До 1750 года доверие двора к Чарторыйским превалировало почти без исключений. В этом году граф Брюль, как это уже было отмечено, предложил руку своей дочери обер-камергеру короны Понятовскому, и услышал в ответ: «Мы уже и так ваши друзья, граф. Отдайте дочь за Мнишека, и вы заполучите и вторую половину Польши».
Брюль последовал совету. Ещё некоторое время после этого Понятовским и Чарторыйским удавалось раздобывать старостаты и должности для себя и своих сторонников, но с тех пор, как их соперники приобрели ходатая, к Чарторыйским отнюдь не расположенного, прямо в доме фаворита короля, и на протяжении тринадцати лет – до смерти Августа III, многие рядовые граждане покинули партию Чарторыйских.

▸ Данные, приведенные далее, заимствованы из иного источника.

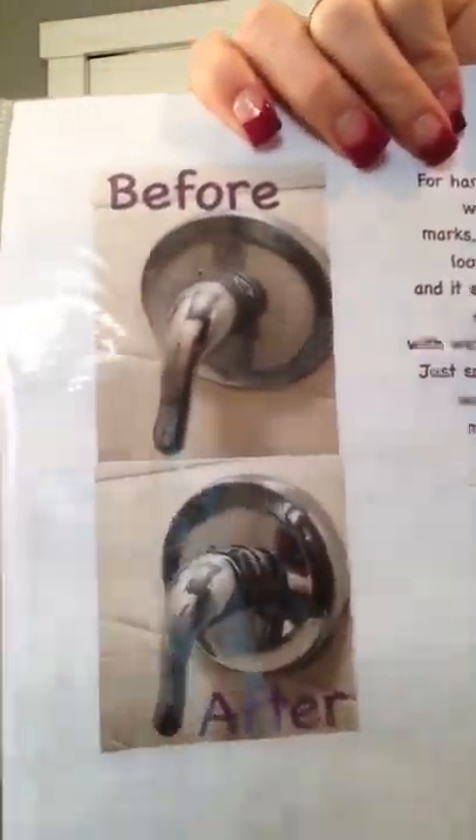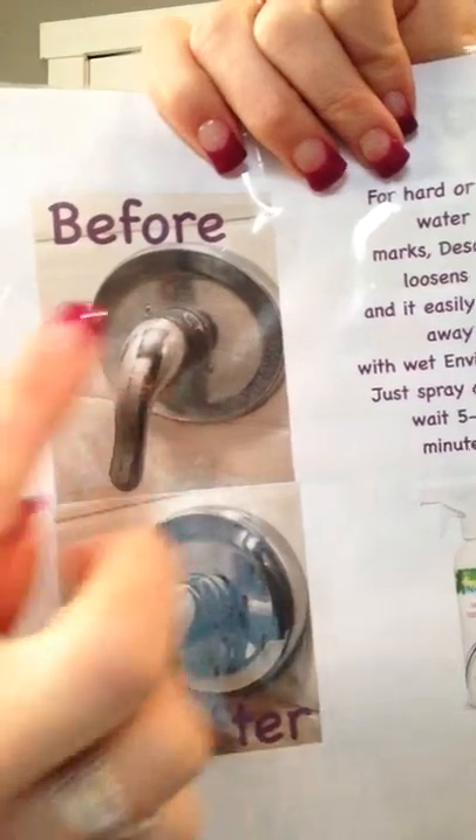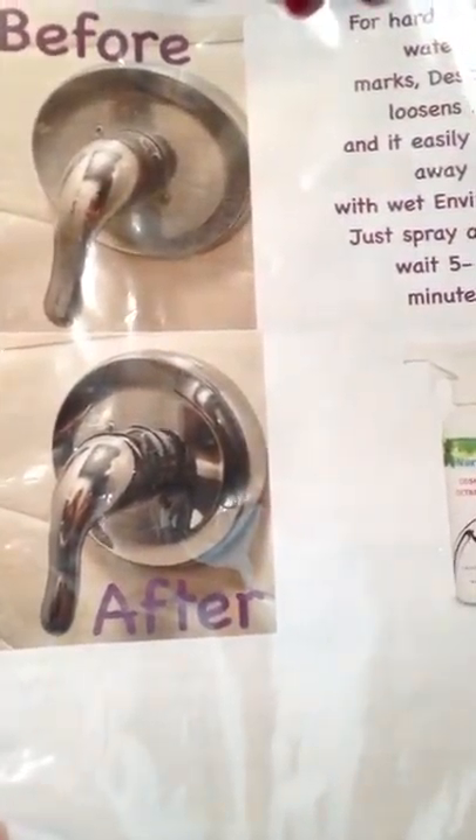The cleaning paste is for soap scum buildup and stuff like that — your normal shower walls, counters, etc. But the descaler is more for if you have hard water buildup on your faucets — lime, calcium, and rust, etc. You can see in this picture how there's a hazy look with all kinds of water marks, and then this one is a lot clearer.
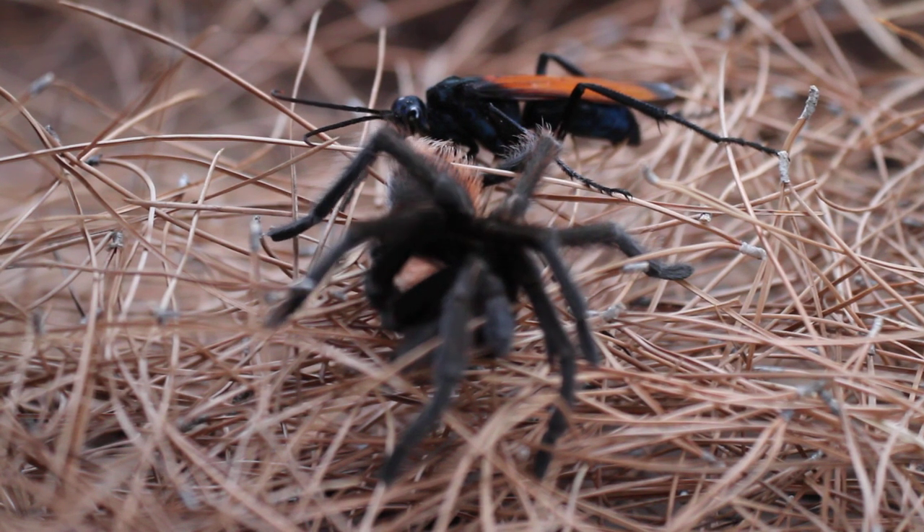Here's a tarantula hawk, a Pepsis formosa, that's just immobilized a tarantula. It was a male. I'm out here at Boyce Thompson Arboretum and she's doing her thing.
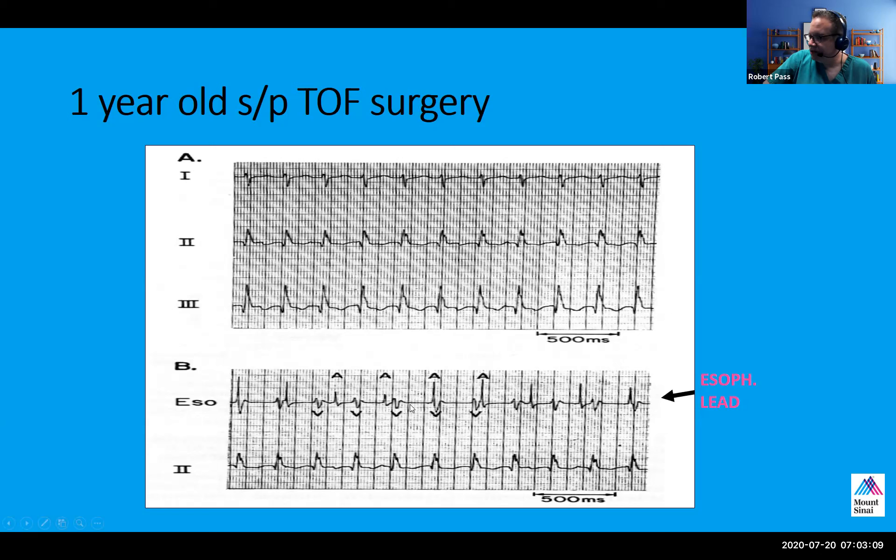So this is what this clinician did. Grace, maybe you can tell me what you're seeing in the esophageal lead. I've labeled the Vs and the As so you understand which is which. The lead two underneath the esophageal lead is simultaneous, so you can tell what the QRS is. It looks like the QRS is coinciding with the Vs, and you can see that the V is faster than the A and they are dissociated. So I would think, especially given the history of tetralogy, that this is JET.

И всё же, вследствие того, что в домах Понятовских и Чарторыйских было значительно больше людей, получивших хорошее воспитание и, соответственно, намного больше знавших и умевших держаться с выдержкой и достоинством, каждый раз, что партия Чарторыйских побеждала при ежегодном учреждении трибунала, его решения выглядели юридически более справедливыми и обоснованными.
Благодаря этому, после смерти Августа III громадное большинство поляков, менее порочных и менее невежественных, считали партию Чарторыйских и Понятовских наиболее достойной поддержки, тем более, что все видели благосклонность к ним и русского могущества, и примкнувшего к нему прославленного Фридриха II, короля Прусского, в то время, как Австрия лишь жаждала отдыха после семилетней войны, да и Франция была, как будто, немало этой войной ослаблена.
Стечение всех этих обстоятельств и облегчило, более, чем этого можно было ожидать, избрание королём Станислава Понятовского, стольника Литвы.